HIS 387M • Pop Cul in Europe, 1650-1870
9:00 AM-12:00 PM
Popular culture has been the focus of imaginative and controversial studies in the history of early modern Europe. This course will survey some of the most significant and some of the more recent work in this field. Students working in geographic areas outside Europe may find its themes or methodologies of use to their research interests. They are encouraged to pursue those interests in the final paper, although the core readings will be based on works in European historiography. The readings will examine a number of themes related to the relationship of popular and elite culture, specifically, how elite attitudes toward popular culture ranged from persecution, to tolerance, to appropriation. Major shifts in the practices and the rituals of everyday life as well as the intersection of literate practices and popular culture will also be explored. Course meetings will be organized around visits to particular collections of the University related to our themes, including the Popular Imagery Collection at the Humanities Research Center.

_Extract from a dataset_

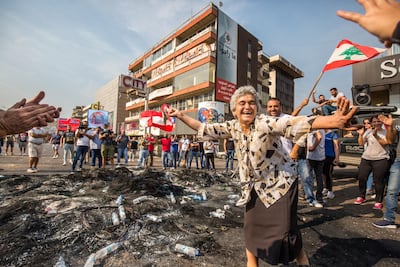 Blanche Eid's joyful 'The Next Day', showing a woman dancing on October 18, 2019, day two of the uprisings in Jounieh. Courtesy of the artist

Writing assignments: During the weeks we read the secondary literature, students will take turns writing weekly discussion questions that will be the basis of weekly response papers by the other students. In the last four weeks of the course the emphasis will shift to the research interests of the individual students, and students may pursue a brief research project in primary or secondary sources related to their major research area in the pre-modern period, on a topic related to popular culture, within the rough chronological time frame, 1500-1850. The writing goal of the semester will be to produce a 10-page conference paper. The genre of the conference paper will be the focus of study, with the recent how-to manual on scholarly writing, Writing for Scholarly Publication as the main guide in that effort. During the last week of classes we will hold a mini-conference at which students will present their findings.
Readings will include (subject to availability) but not be limited to: M. Bakhtin, Rabelais and his World Carlo Ginzburg, The Cheese and the Worms P. Aries, Western Attitudes Toward Death Edward Muir, Ritual in Early Modern Europe P. Burke, Popular Culture in Early Modern Europe D. Sabean, Power in the Blood D. Dugaw, Warrior Women and Popular Balladry Articles or short selections from, J.G. Herder, Antonio Gramsci, E.P. Thompson, Robert Darnton, Roger Chartier and others.